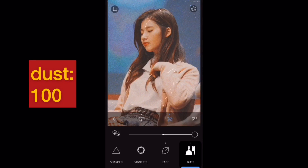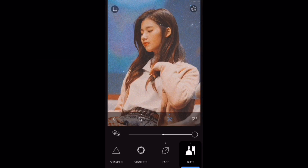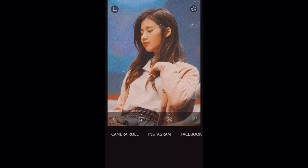Now after doing all these things, we're going to save it into our phone. And that's it. Thank you for watching. I hope you enjoy it. And now let's take a look at some photos that I've edited with this filter. I'll see you soon.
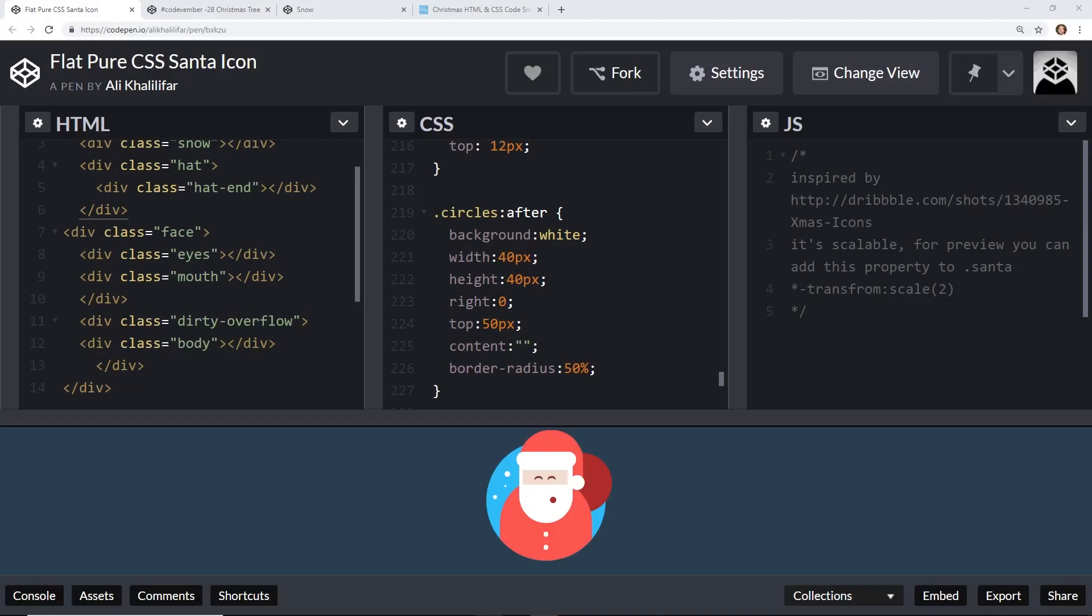Hey developers! Today I'm going to show you three Christmas holiday themed snippets using CSS. I'm going to show you guys how they work.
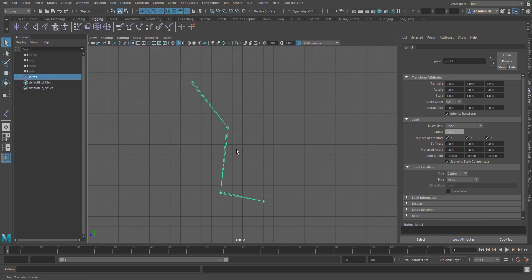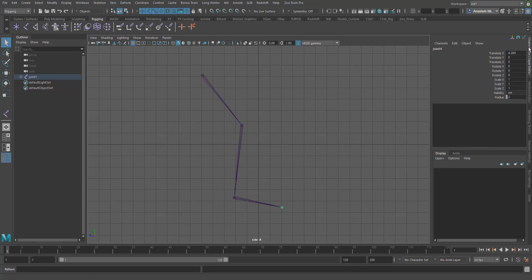If you want to change the radius of a particular joint, come over to the channel editor and you can increase or reduce the radius of your joints.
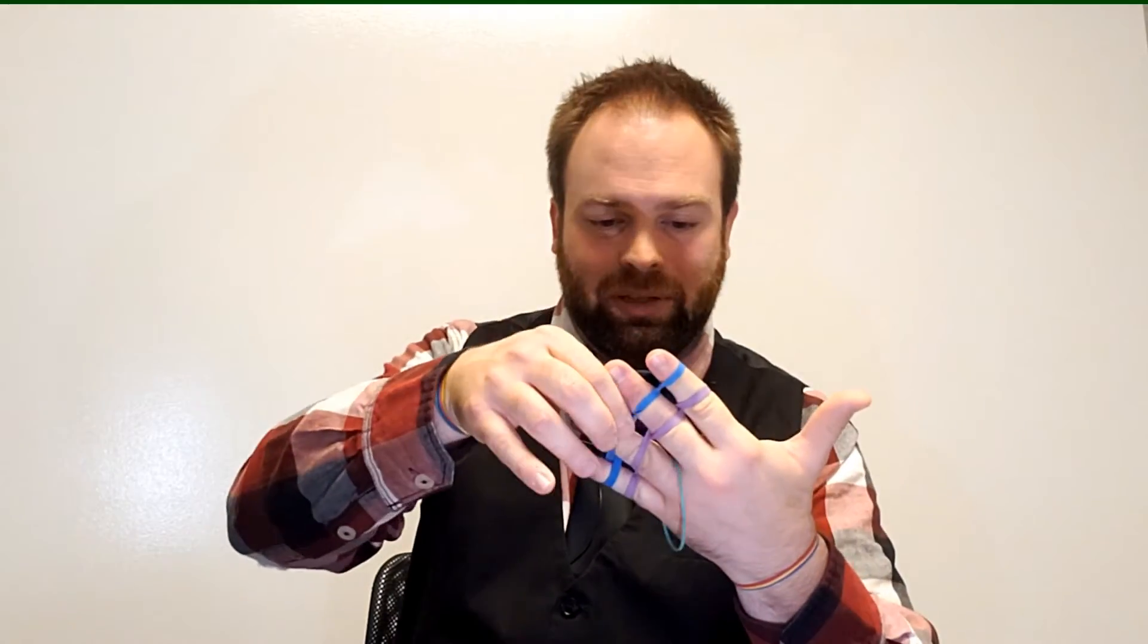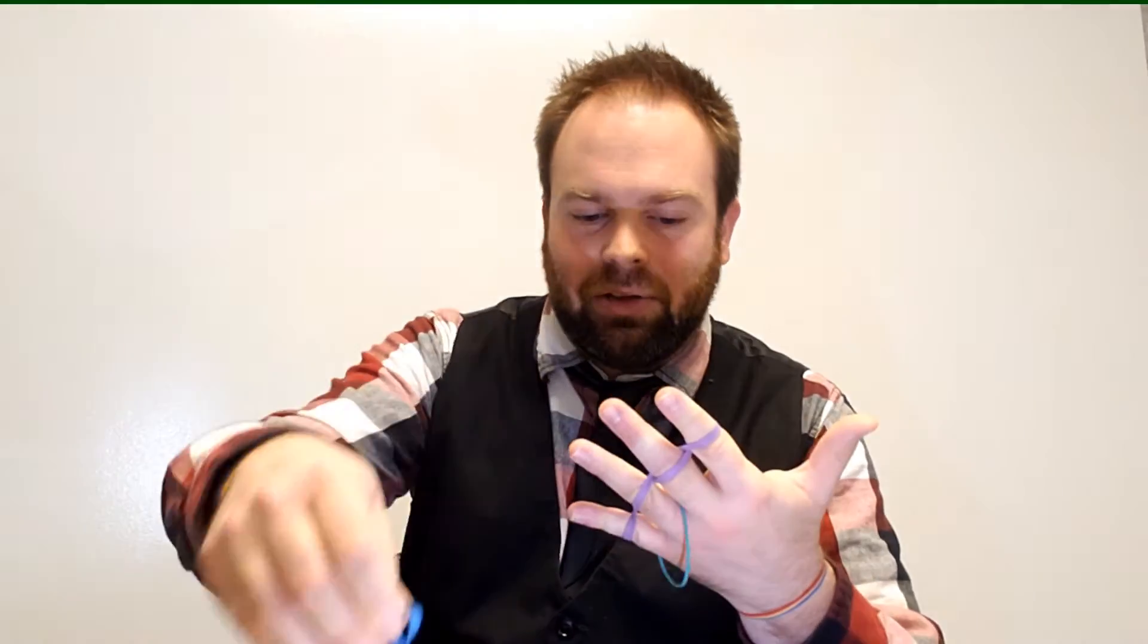Well, a few years later, I learned that there was a way that you can still improve upon this trick. Hold on. It's cutting off circulation. There we go.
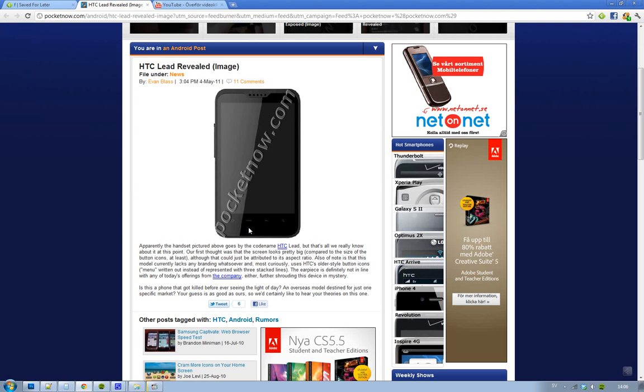The HTC phones are good, but one thing I don't like about the current HTC Sensation 4G is that it only has 1GB of internal memory.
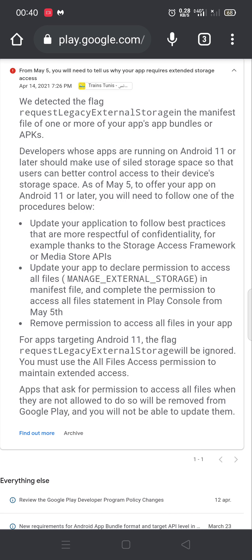The second step is to update the app in Google Play from May 5th. The most important thing is to complete the permission to access all files declaration in Google Play. There are statements in Play Console that we have to complete from May 5th.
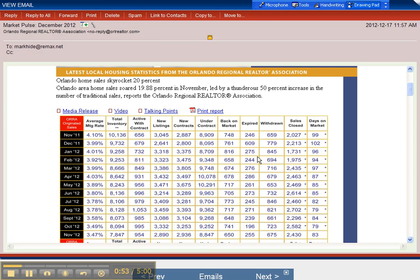Expired listings have stayed about the same, withdrawn listings stayed about the same. Closed sales this time last year were 2,400, so closed sales are up.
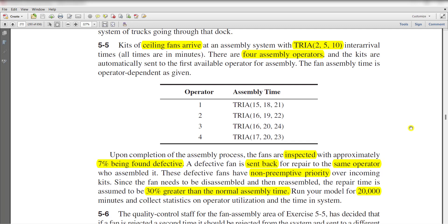In this exercise, kits of ceiling fans arrive at an assembly system with triangular distribution, and there are four assembly operators. The kits are automatically sent to the first available operator for the assembly, and the fan assembly time is operator dependent as precise below.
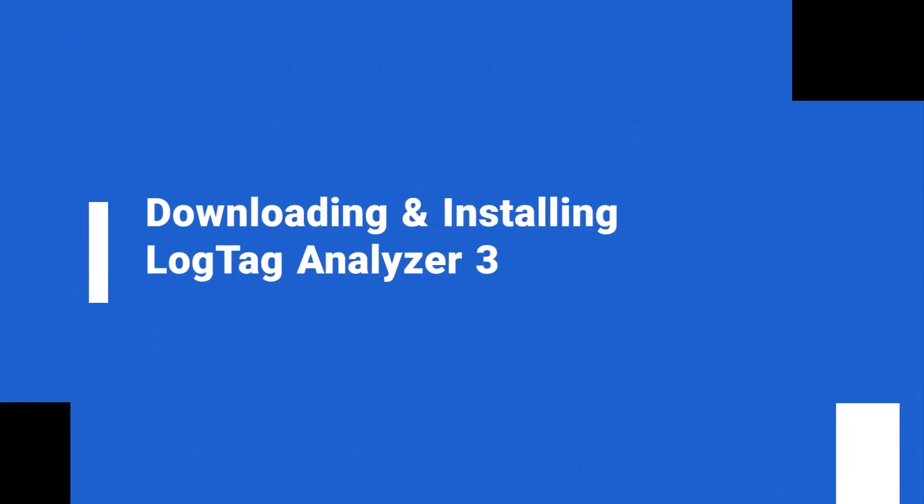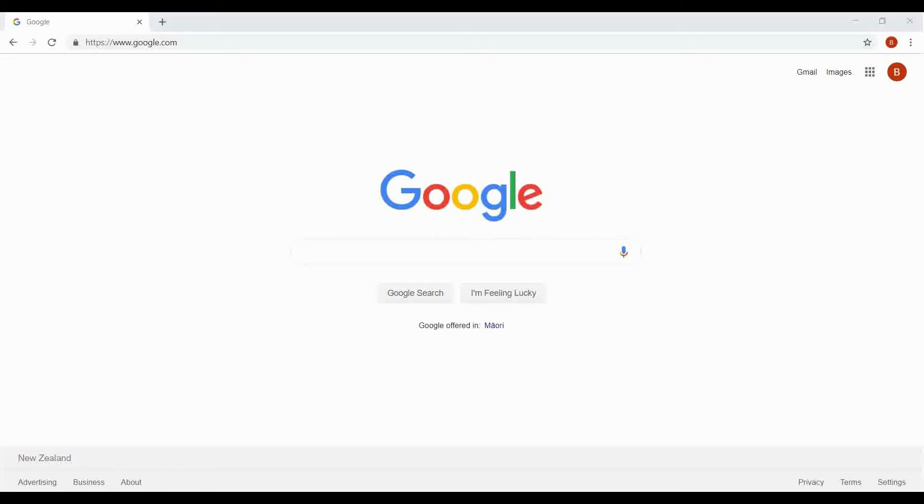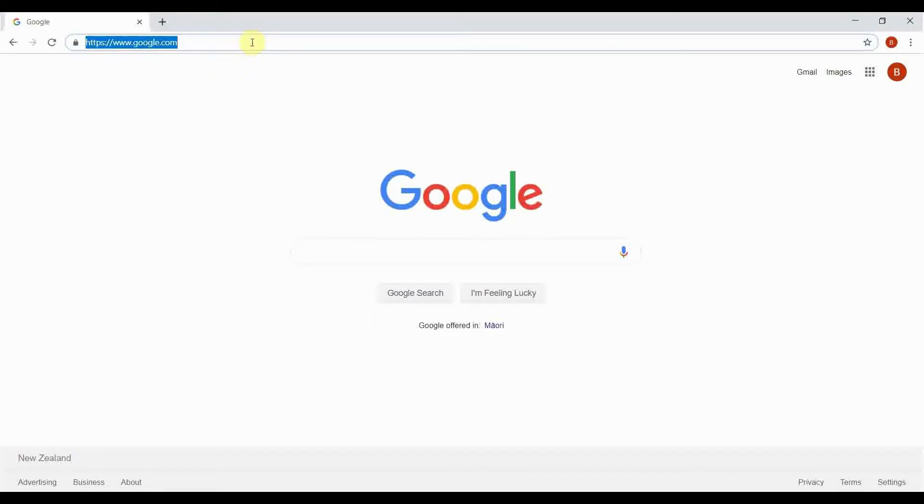To configure your device, download the latest version of our free LogTag Analyzer software. Click on the link in the video description below or browse to our website at LogTagRecorders.com.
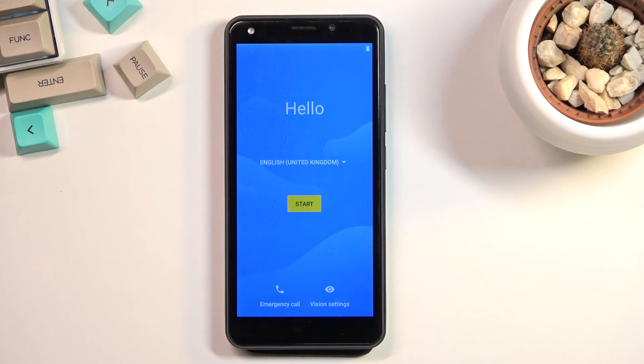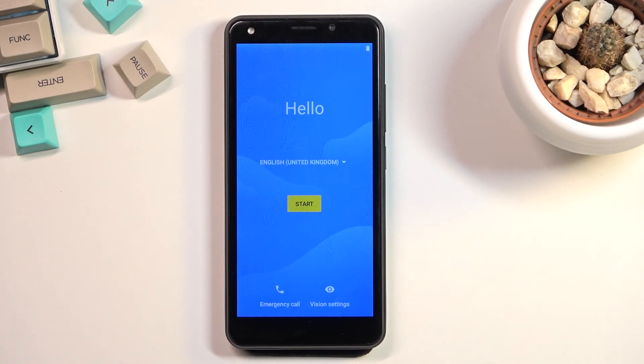As you can see, the process has now finished and you can set up your device however you like. If you found this helpful, don't forget to hit like, subscribe, and thanks for watching.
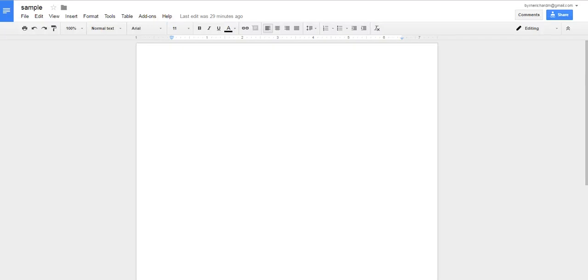Hi, this is Richard Byrne. In this video, we're going to take a look at two easy ways to add accents and other non-English characters to Google Documents.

========================

- _EXERCISE DIRECTIONS_: Each line from the top of the records through the one containing "Expired listings have" needs to be transcribed exactly, without pictures.

- _RESULT OF THIS TASK_:
Now after doing all these things, we're going to save it into our phone. And that's it. Thank you for watching. I hope you enjoy it. And now let's take a look at some photos that I've edited with this filter. I'll see you soon.
Hey developers! Today I'm going to show you three Christmas holiday themed snippets using CSS. I'm going to show you guys how they work.
If you want to change the radius of a particular joint, come over to the channel editor and you can increase or reduce the radius of your joints.
Well, a few years later, I learned that there was a way that you can still improve upon this trick. Hold on. It's cutting off circulation. There we go.
The HTC phones are good, but one thing I don't like about the current HTC Sensation 4G is that it only has 1GB of internal memory.
The second step is to update the app in Google Play from May 5th. The most important thing is to complete the permission to access all files declaration in Google Play. There are statements in Play Console that we have to complete from May 5th.
Expired listings have stayed about the same, withdrawn listings stayed about the same. Closed sales this time last year were 2,400, so closed sales are up.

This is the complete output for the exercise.